Leave the pictures out. Return all other data exactly.

___ Data listing ___

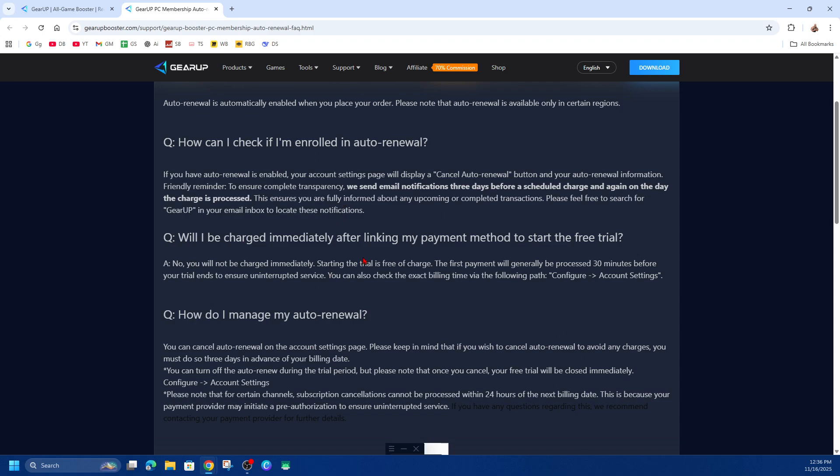From there, you want to make sure to follow all prompts to confirm the cancellation. You will get a confirmation email that the auto-renewal has been cancelled.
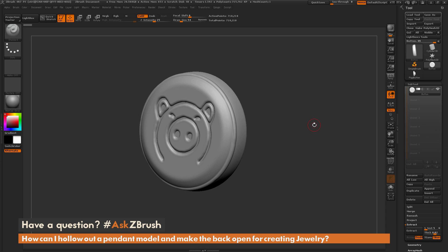This is Joseph Drust and welcome back to another episode of Ask ZBrush. So we had a question sent in asking, how can I hollow out a pendant model and make the back open for creating jewelry?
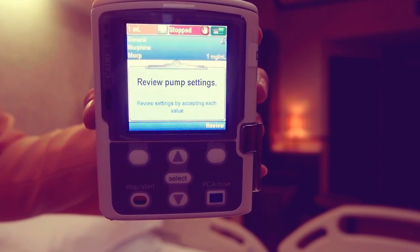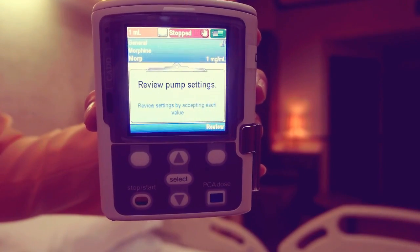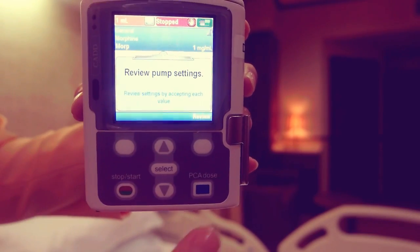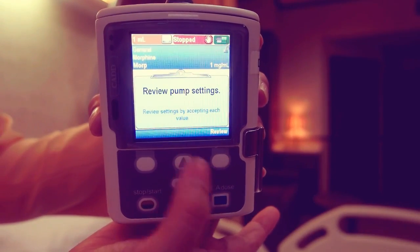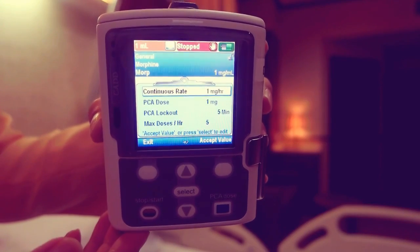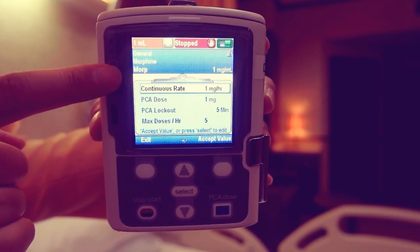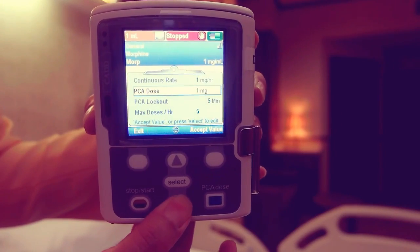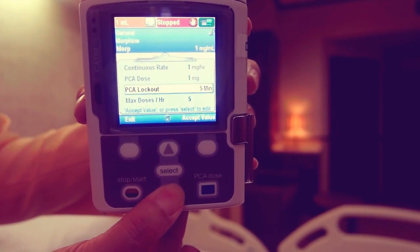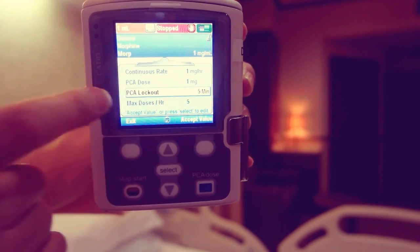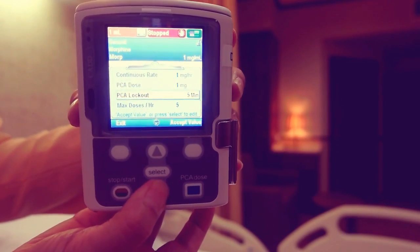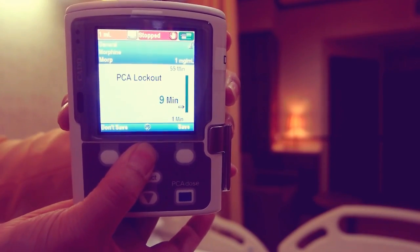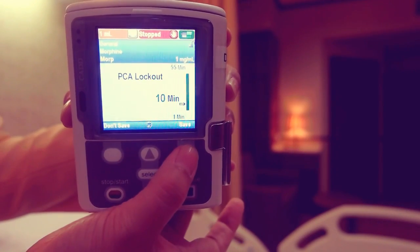Review pump settings displays. Press review. To edit or change a patient specific parameter, highlight it and press select. Scroll up and down to the new value then press save.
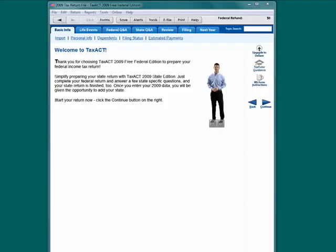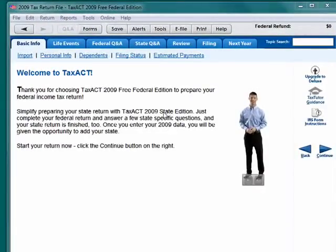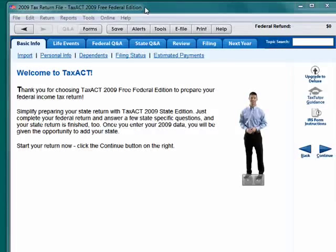Hi, this is Mike Callahan, Dr. File Finder, and welcome to your special Butterscotch.com 10-part series on desktop tax preparation with TaxAct. TaxAct is also available online, but for our purposes here, we're going to show you the desktop version.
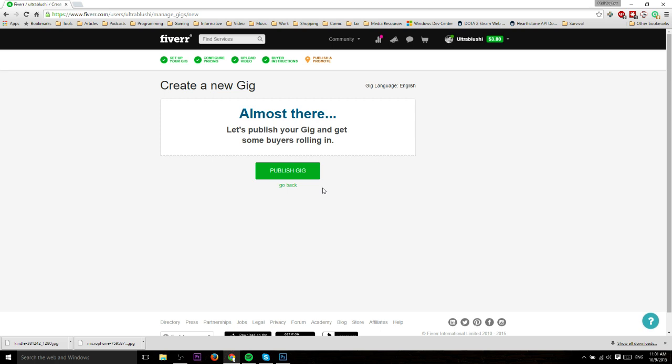If you have a blog or website or anything like that, you can get Fiverr plugins to basically display your gigs on those sites and let people click and get to your page on Fiverr and order them. But in general, that's really all there is to creating a gig on Fiverr.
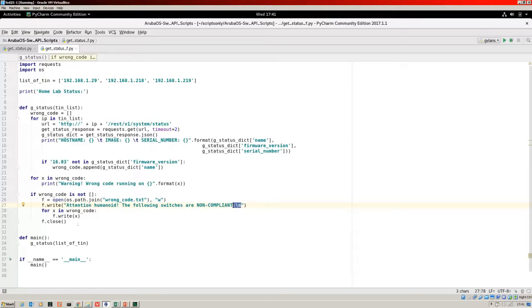We're not just printing to the Linux shell when we run the code — we're also creating a wrong_code text file with the list of non-compliant devices. Obviously then you could do other things with that text file — you could send it on to someone. So it's automating an extra process. I'm just trying to show you different things you can do with this code.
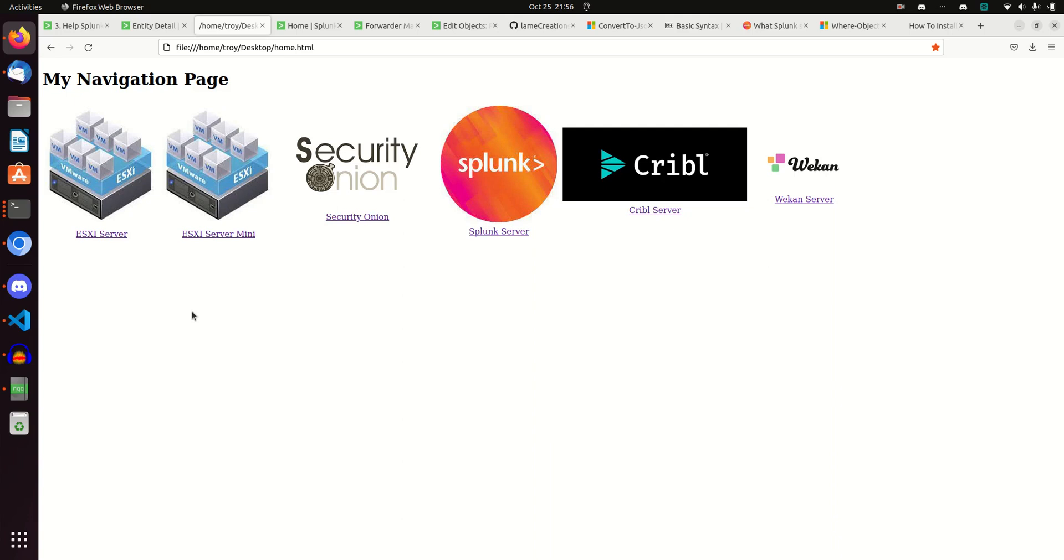One of the things I've done is build myself a little landing page with a nice visual graphic of the places I go most commonly, and then I can just click the icon.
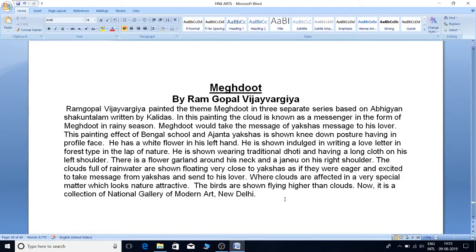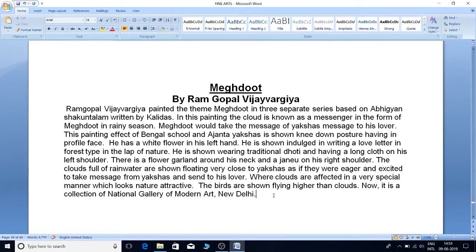The clouds are depicted in a very special manner which makes nature look attractive. The birds are shown flying higher than the clouds. This painting is now part of the collection of the National Gallery of Modern Art, New Delhi.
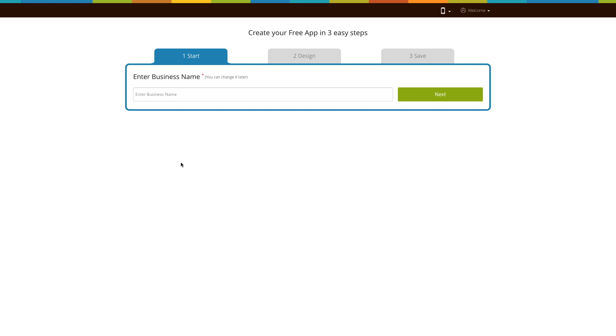Go to our no-code app building platform. If you have already created an app, log into your account and go to manage and edit to add the share your app page to your app. If you haven't created an app, click on get started to build your app.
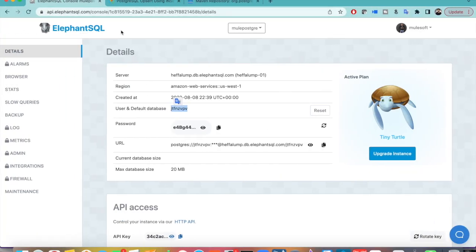Again I wanted to reiterate, I use ElephantSQL to do some POC to create an instance and a database. And yeah, this is all for today. Thank you.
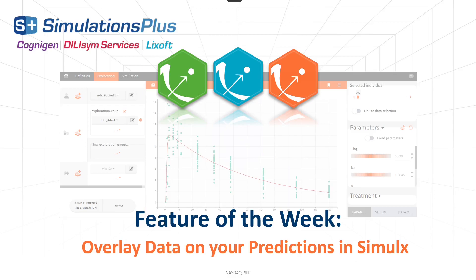Hi everyone! This week's feature is a big improvement from the 2021 version of Simulix that many of you were waiting for. You can now overlay data on your predictions in the Exploration tab and let's see how it works.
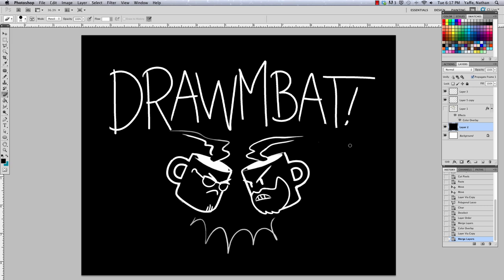Welcome to DrawingBat, the show where we challenge each other in the blood-stained arena of art combat. I'm Caldwell. I'm Nathan.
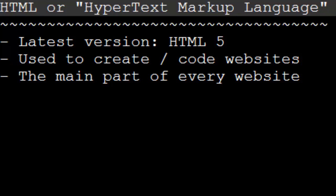Now, the current version, the latest version of HTML at the time of this video is HTML5. And that's what we're going to be using in this tutorial series. There's really no need to go back to an older version of HTML. So HTML5 is what we're going to be using. And if you've updated your browser, it'll definitely support HTML5.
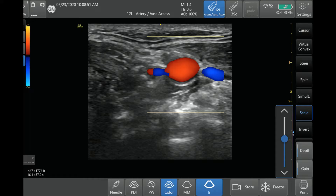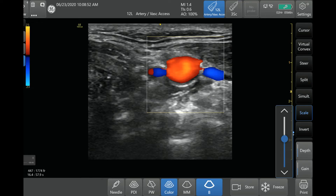The next thing you can do is adjust the scale. There's a scale button — all machines will have some type of scale button where you can adjust that. What this does is it affects how much speed the color Doppler is detecting. Here, this is 23 centimeters per second.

___

Written reply:
From there, you want to make sure to follow all prompts to confirm the cancellation. You will get a confirmation email that the auto-renewal has been cancelled.
This is Joseph Drust and welcome back to another episode of Ask ZBrush. So we had a question sent in asking, how can I hollow out a pendant model and make the back open for creating jewelry?
Review pump settings displays. Press review. To edit or change a patient specific parameter, highlight it and press select. Scroll up and down to the new value then press save.
Hi, this is Mike Callahan, Dr. File Finder, and welcome to your special Butterscotch.com 10-part series on desktop tax preparation with TaxAct. TaxAct is also available online, but for our purposes here, we're going to show you the desktop version.
If you have a blog or website or anything like that, you can get Fiverr plugins to basically display your gigs on those sites and let people click and get to your page on Fiverr and order them. But in general, that's really all there is to creating a gig on Fiverr.
We're not just printing to the Linux shell when we run the code — we're also creating a wrong_code text file with the list of non-compliant devices. Obviously then you could do other things with that text file — you could send it on to someone. So it's automating an extra process. I'm just trying to show you different things you can do with this code.
One of the things I've done is build myself a little landing page with a nice visual graphic of the places I go most commonly, and then I can just click the icon.
The clouds are depicted in a very special manner which makes nature look attractive. The birds are shown flying higher than the clouds. This painting is now part of the collection of the National Gallery of Modern Art, New Delhi.
Go to our no-code app building platform. If you have already created an app, log into your account and go to manage and edit to add the share your app page to your app. If you haven't created an app, click on get started to build your app.
Again I wanted to reiterate, I use ElephantSQL to do some POC to create an instance and a database. And yeah, this is all for today. Thank you.
Hi everyone! This week's feature is a big improvement from the 2021 version of Simulix that many of you were waiting for. You can now overlay data on your predictions in the Exploration tab and let's see how it works.
Welcome to DrawingBat, the show where we challenge each other in the blood-stained arena of art combat. I'm Caldwell. I'm Nathan.
Now, the current version, the latest version of HTML at the time of this video is HTML5. And that's what we're going to be using in this tutorial series. There's really no need to go back to an older version of HTML. So HTML5 is what we're going to be using. And if you've updated your browser, it'll definitely support HTML5.
The next thing you can do is adjust the scale. There's a scale button — all machines will have some type of scale button where you can adjust that. What this does is it affects how much speed the color Doppler is detecting. Here, this is 23 centimeters per second.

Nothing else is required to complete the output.